Overview
When seeking to understand what changes were made by a given Wikipedia edit, there are three general sources of information: the actual diff of an edit (example), the edit summary, and edit tags. Edit tags are generally pretty simple and constrained to tool information or basic regexes -- e.g., whether an edit occurred via mobile or easy-to-define content changes like blanked a section or a new, short article). The edit diff is much richer -- showing the specific changes made in context -- but takes up too much visual space for tasks such as quick browsing of an edit history or patrolling for suspicious edits. The edit summary is intended to be a good middle ground -- a succinct but flexible, editor-provided description of what the edit did (and maybe why).
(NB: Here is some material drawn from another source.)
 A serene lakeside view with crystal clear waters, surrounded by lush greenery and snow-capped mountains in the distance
Edit summaries have a number of drawbacks but also are very valuable. Vandals may provide misleading summaries and many editors leave the summary blank or use a canned edit summary that may or may not accurately reflect the impact of the edit. Despite these drawbacks, edit summaries are invaluable for tasks such as understanding work on Wikipedia, building datasets of edits for study, and contextualizing edits.
Task
This research will focus on understanding current usage of edit summaries in order to identify potential opportunities for tool-building to better support researchers and patrollers. It will primarily be qualitative research. A potential set of steps include:
- Read documentation on edit summaries and go through the edit history for some random articles to get a sense of how they are used.
- Gather initial sample of last three edits to 50 random articles (sticking to just namespace 0 for now -- i.e. the standard Wikipedia article)
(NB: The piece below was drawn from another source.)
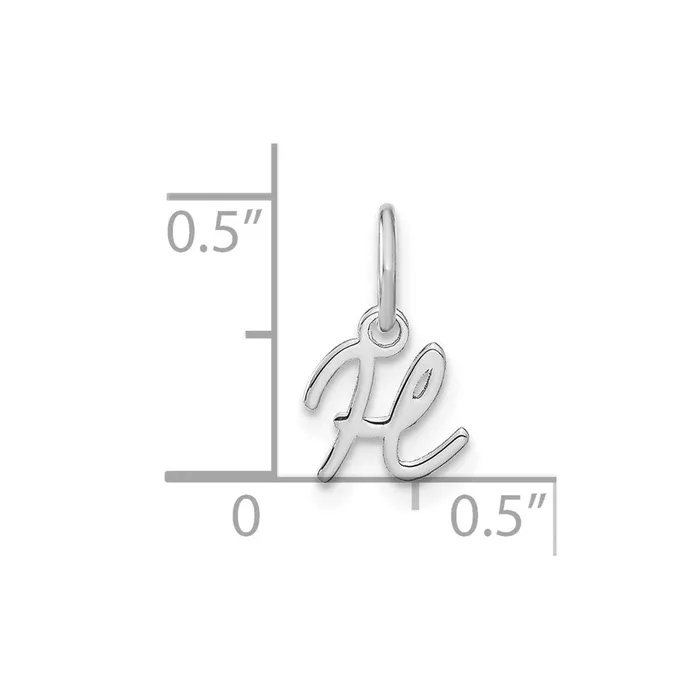TreasureFineJewelers Charm Necklaces 14k White Gold Upper case Letter H Initial Charm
- Code your sample for types of edit summaries and how well the edit summary described the edit. This should be multi-faceted -- e.g., was the summary misleading? was it complete? did it say what and why? was it manual, canned, or automated? Ideas for what sorts of questions to be asking for will initially come from the documentation -- i.e. evaluating how well edit summaries meet what they are recommended to contain. You likely will want to do this iteratively and revise what codes you apply as you see more summaries and notice new patterns too.
- NOTE: this can be for English Wikipedia and/or any other languages the researcher can read fluently.
- NOTE: this is combining both the conventional and directed approaches described in Hsieh and Shannon or inductive and deductive by Muller.
- Expand sample and apply codes to new edit summaries (and identify any new codes that should be added).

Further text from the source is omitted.